The ADP stated that the Omicron variant was the main reason behind the decline in jobs on the month. The weak data dampened expectations surrounding Friday’s employment report and that the Federal Reserve would opt for an aggressive policy tightening at the March policy meeting.

The dollar regained some ground into the European close with a slightly more defensive tone surrounding risk appetite. The US currency still registered net losses with the Euro just below 1.1300 before settling just above this level into the New York close.

Rhetoric from the ECB will be monitored closely on Thursday with expectations that there will be a further push back against market expectations of a 2022 rate hike.

Tight ranges prevailed in early Europe on Thursday with the Euro trading just below 1.1300 amid weaker equity markets and further position adjustment.




There was choppy trading in US Treasuries following the US ADP jobs data with net gains and a small decline in long-term yields. The yen was resilient on the crosses, especially with a less confident risk tone and markets also tended to scale back expectations of a very hawkish Fed stance. Overall, the dollar retreated to lows just below 114.20 before correcting slightly with the US currency overall securing a limited recovery.

San Francisco Fed President Daly reiterated that interest rates were likely to be increased at the March policy meeting. US equity futures dipped after the US close amid a slide in Facebook and Asian markets were lower. Overall activity remained limited as Chinese markets remained on holiday.

Bank of Japan Deputy Governor Mazazumi stated that it is definitely too early to start monetary tightening and could lower rates if downside risks to the economy intensify. The yen was resilient on the crosses amid less confident risk conditions with the dollar trading close to 114.50 while the Euro was around 129.35.




Sterling held a firm tone during Wednesday with an underlying lack of selling pressure. There were further expectations that the Bank of England will raise rates at this week’s policy meeting. Sterling pushed to 10-day highs around 1.3585 against the dollar before fading slightly as equities retreated from daily highs.

Overall risk conditions were still relatively calm which limited any potential Sterling selling.

The Euro edged lower, but was held in tight ranges as markets waited for policy statements from both the Bank of England and ECB.

There are strong expectations that interest rates will be increased to 0.50% with Sterling sliding if rates are not increased. If there is a hike, market reaction will be determined by the medium-term guidance and overall policy stance. There are doubts whether the bank rhetoric will match market expectations which may leave the pound vulnerable. There are also expectations that Chancellor Sunak will announce government measures to curb the forthcoming jump in retail energy prices.
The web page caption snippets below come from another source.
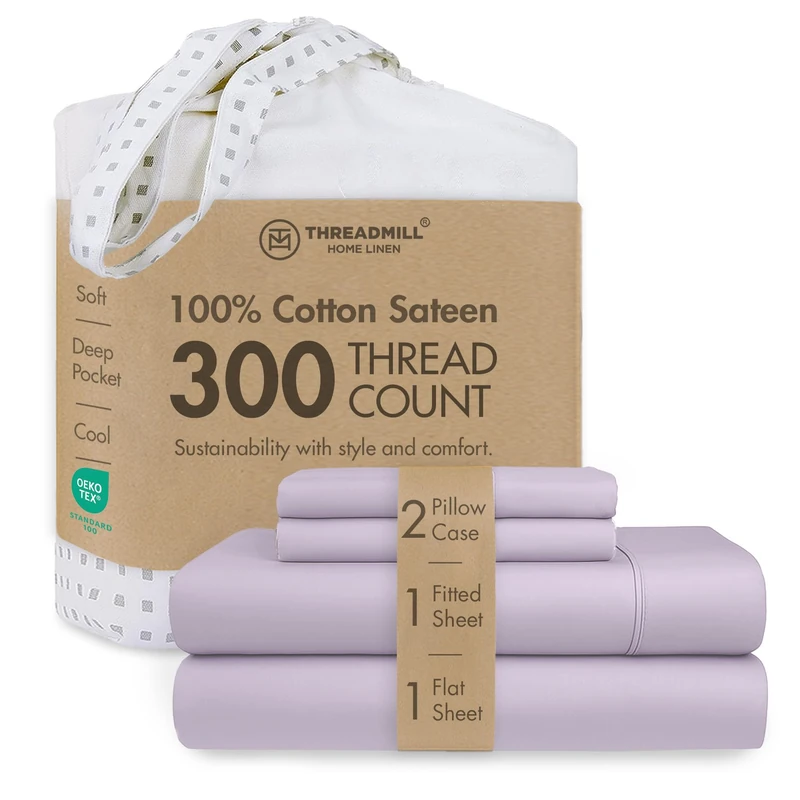Threadmill King Sheets - Pure Long Staple Cotton Sateen Weave, 4 Piece 300 Thread Count Bedsheet Set, Solid Lilac Sheets with Elasticized Deep Pocket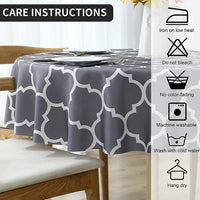 Round Tablecloth Wipeable Waterproof Oil-Proof Table Cloth Cover Home Room Decor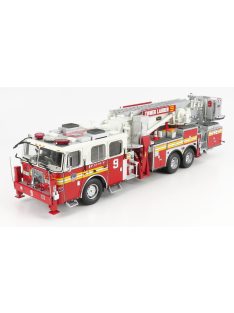   Edicola - SEAGRAVE TRUCK TOWER LADDER 9 SCALA FIRE DEPT. CITY OF NEW YORK - VIGILI DEL FUOCO - FIRE ENGINE - 55cm RED WHITE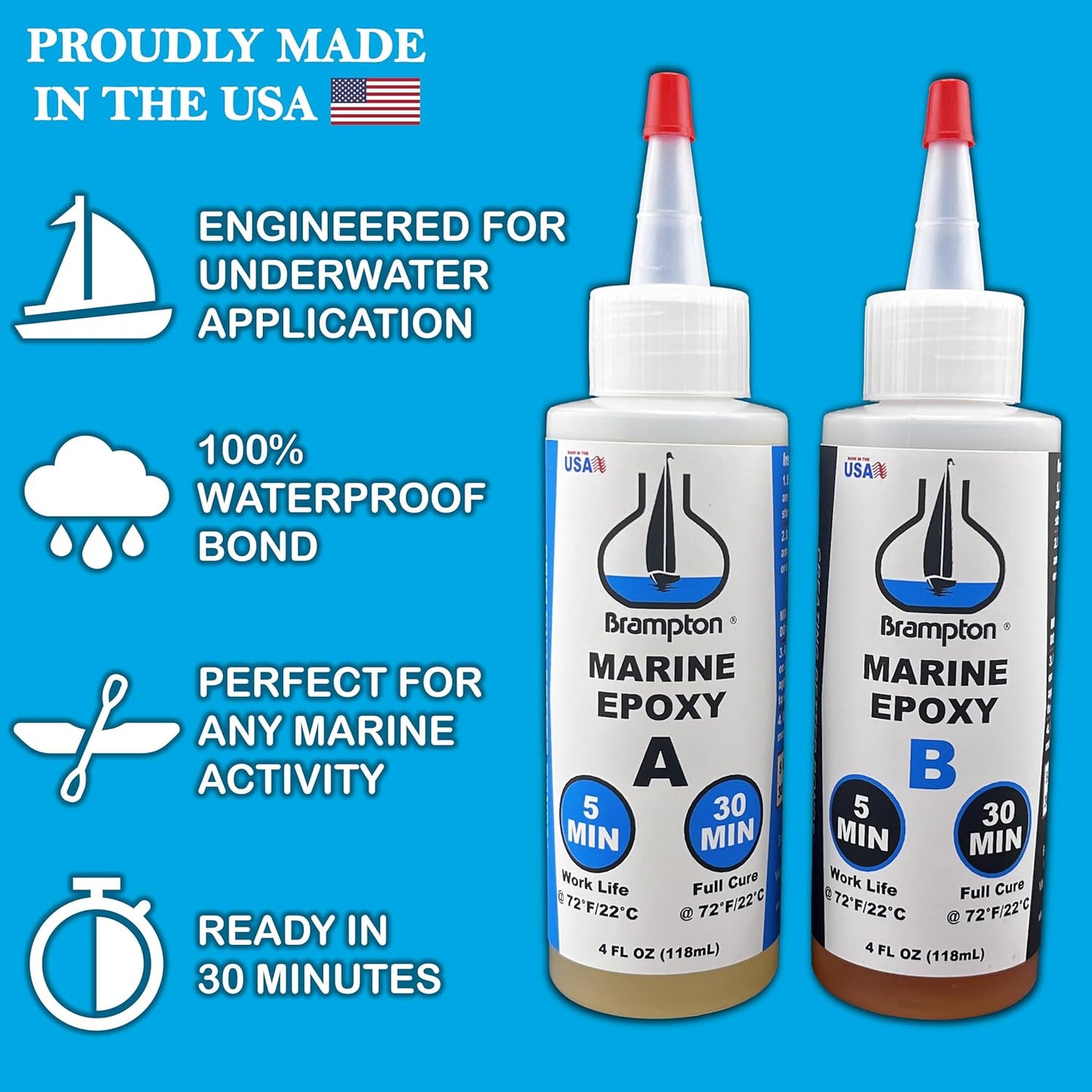 Brampton Marine Epoxy Strong Bonding for Boat Repair - Bonds in 30 Minutes, Water Resistant (8 oz Kit)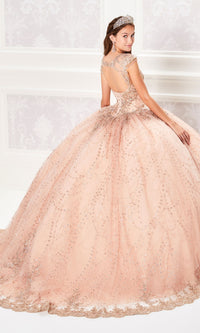 Cap-Sleeve Quinceanera Dress: Princesa PR21964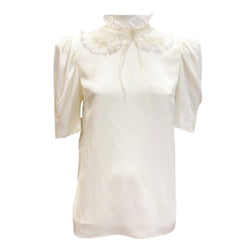 pre-owned MIU MIU ecru top with lace collar | Size IT38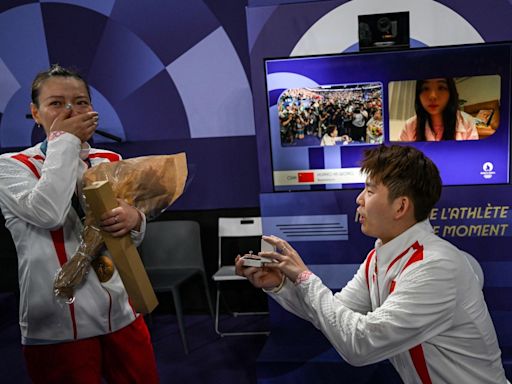 Love is in the air! China’s Olympics badminton star Huang Yaqiong wins gold — and a diamond ring in Paris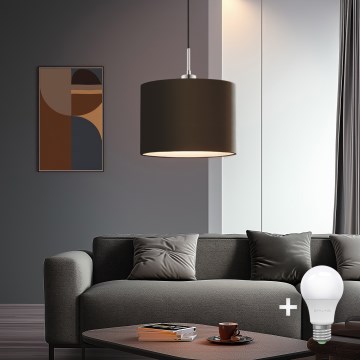 Eglo - Светодиодная подвесная люстра TUNJA 1xE27/60W/230V коричневый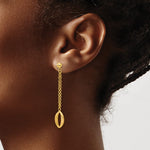 Leslie's 14K Polished and Brushed Navette Link Post Dangle Earrings - Product Photo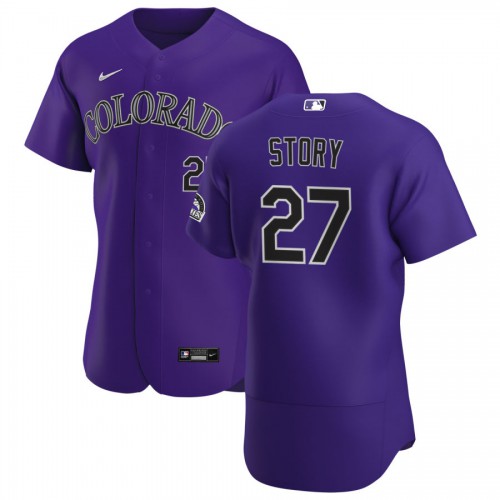Colorado Colorado Rockies #27 Trevor Story Men's Purple Alternate 2020 Authentic Player Jersey Men's
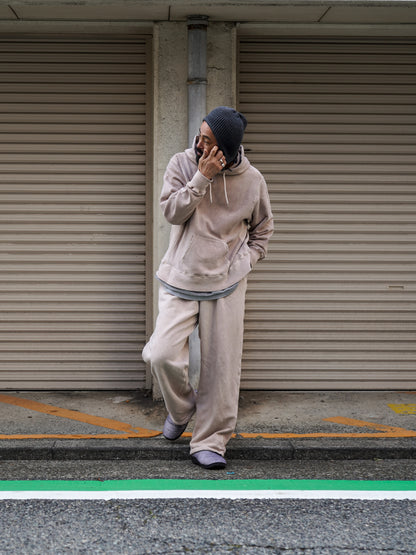 PIGMENT DYED SIDE LIB SWEAT PARKA / Beige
Sterling traded close to 1.3550 against the dollar on Thursday and the Euro little changed around 0.8340 with volatility set to spike later in the day.




The Swiss franc resisted significant selling pressure on Wednesday with the dollar dipping to lows at 0.9180 before stabilising while the Euro was held close to 1.0380.

There was further speculation that the National Bank would tolerate gradual franc appreciation, especially with a firm currency dampening the threat of higher import prices. The franc also gained an element of support from weaker risk conditions on Thursday with the dollar trading just below 0.9200.

A dovish ECB stance at Thursday’s policy meeting would tend to underpin the Swiss currency later in the day with choppy trading likely.